“The election of the first female head of state is a transformative event in the history of any country.” 

Ausra Park, Ph.D., has received a grant to continue her examination of what that means for five former post-Communist-bloc nations.  

Park, professor of international relations, was awarded the 2023-2024 Baumanis Grant for Creative Projects in Baltic Studies from the Association for the Advancement of Baltic Studies. She will use the funding to travel to Tallinn, Estonia next summer to interview Kersti Kaljulaid, the country’s first woman president (2016-2021) and at age 46 also its youngest-ever head of state.

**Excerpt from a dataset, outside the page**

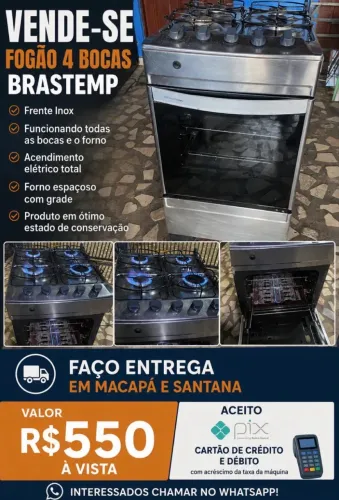 Fogão 4 bocas Brastemp elétrico. FAÇO ENTREGA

The interview will inform the fifth and final section of Park’s upcoming monograph of women presidents who headed post-Communist nations in Europe. Concluded administrations in Latvia, Lithuania, Kosovo and Croatia are also cases included in her study.

Park pointed out that the advent of a first woman president connotes that the public’s views of “who belongs” in high politics are changing.

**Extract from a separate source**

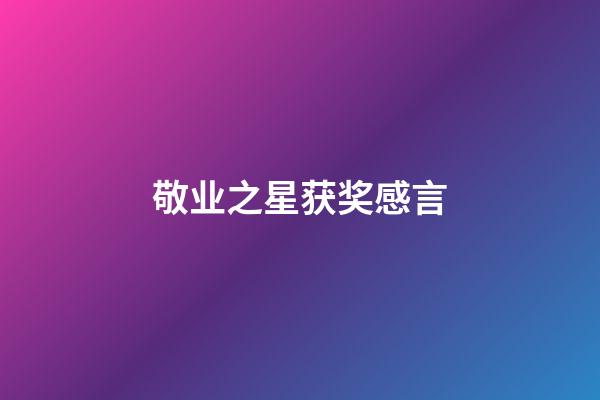 敬业之星获奖感言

“Although other women’s ‘firsts’ in politics are unquestionably important historical milestones—especially when women are first elected as political party heads, prime ministers, or speakers and chairs of parliament—none of these political ‘firsts’ match the significance and symbolism of having the first woman head of state,” she said.

“A female leader’s presence and gender result in powerful ripple effects signaling not only women’s arrival to, and representation in, politics, but also women’s role in, and impact on, national and global affairs.”

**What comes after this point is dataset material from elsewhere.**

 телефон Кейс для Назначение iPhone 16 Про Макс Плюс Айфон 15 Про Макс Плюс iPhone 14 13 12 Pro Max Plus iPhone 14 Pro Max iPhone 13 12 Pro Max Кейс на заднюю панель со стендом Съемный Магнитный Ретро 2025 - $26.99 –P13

She said that when a woman breaks that “ultimate glass ceiling,” there are very high expectations for her – along with an unwelcome focus by the media on misogynistic messaging, sexualized disinformation and various gendered attacks.

“Unfortunately, rather than examining policy or political agenda advocated by women presidents, there is often a critical focus by the media on their appearances or mannerisms, something to which male leaders are very rarely subjected.”

Park’s interview with President Kaljulaid and her staff, as well as political experts in Estonia, will round out the political and biographical analysis of the five women presidents who have ushered in a new normal in post-Communist Europe. She will use political psychology methodology developed and widely used in American presidential politics in her work.

“It is no surprise that Dr. Park has been awarded the prestigious Baumanis grant for her innovative research,” said Christiane Farnan, Ph.D., dean of the School of Liberal Arts. “She is an exemplary teacher-scholar whose superb teaching and cutting-edge contributions to the field of international relations make her an exciting yet accessible role model for her students.”

In addition to her monograph on women leaders, Park is working on a manuscript tentatively titled Titans of the Baltic States: The First Generation of Foreign Policymakers and Their Legacies.